Hello, dear friend, you can consult us at any time if you have any questions, add WeChat: daixieit


STAC53 Assignment 2


Question 1 (5 points)

Suppose you are planning to design a survey to estimate the average monthly household income in a city. There are 10000 households in total. From a previous census, it is known that the variance in the monthly household income is $900.

a) Using simple random sampling, what sample size should be used to estimate the population(of the city) level average within $20 of the true value with 90% confidence.

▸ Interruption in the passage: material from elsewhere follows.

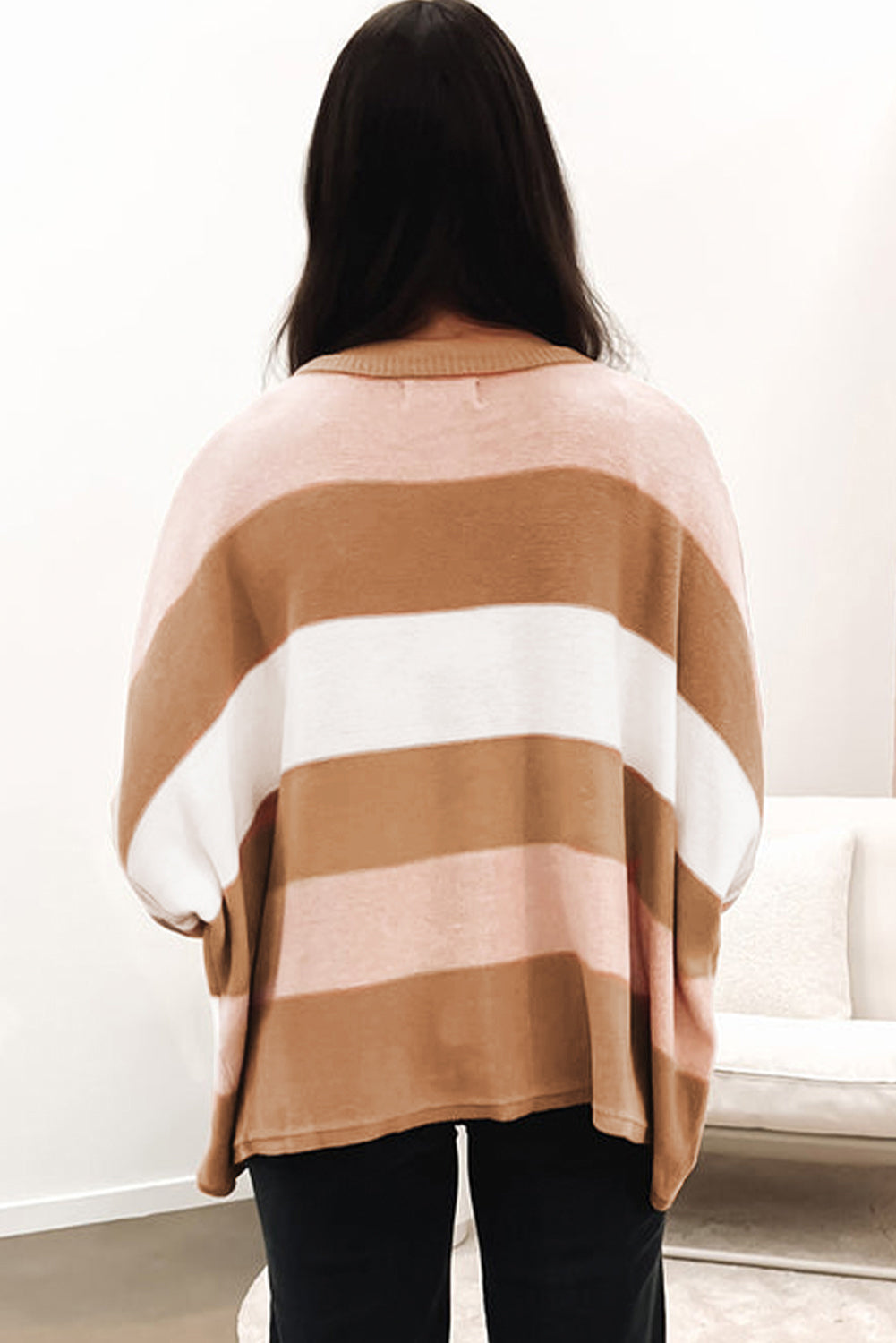 Večbarvni črtast pleten ohlapen pulover s spuščenimi rameni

b) In Part (a), you have used equation (3) from 54 of the test book which is a result of the equation

Suppose it is not possible to solve this equation for n. So you can not use equation (3) any more. In this scenario, in R,

   i) create a function for the margin of error in terms of n

●   ii) create a sequence of n values (say 1 to 800)

●   iii) calculate the margin of error for each of these n values using your function.

   iv) Find out in R, what is the minimum of the n value that ensures the width to be smaller or equal to 20.


Question 2 (7 points)

This question relates to the sample size calculation for estimating population proportion. Read section 5.3 on page 59 of the text book


Let’s ignore the finite population correction for this question.

Suppose you want to estimate the population proportion of households that use Rogers as their internet service provider. You want to estimate the proportion within 0.03 of the true proportion with 90% confidence.

You do not have any prior knowledge about the true proportion.

a) Use p=0.5 in equation 5.2 which is known as the conservative approach (worst-case). Calculate the required sample size.


b) Write a function in R that

i) generates “n” samples from a Bernoulli distribution with true probability 0.4 and calculates the sample proportion and variance of the sample proportion as

where n is the value you got in part(a). code-hint: rbinom(100,size=1,prob=0.4) generates 100 samples from Bern(0.4)

ii) calculates the 90% confidence interval using

iii) calculates the width of the confidence interval and returns 1 if width Æ 0.06 or return 0 if the width > 0.06


c) By replicating your function 10000 times calculate the number of times your confidence interval had a width 0.06.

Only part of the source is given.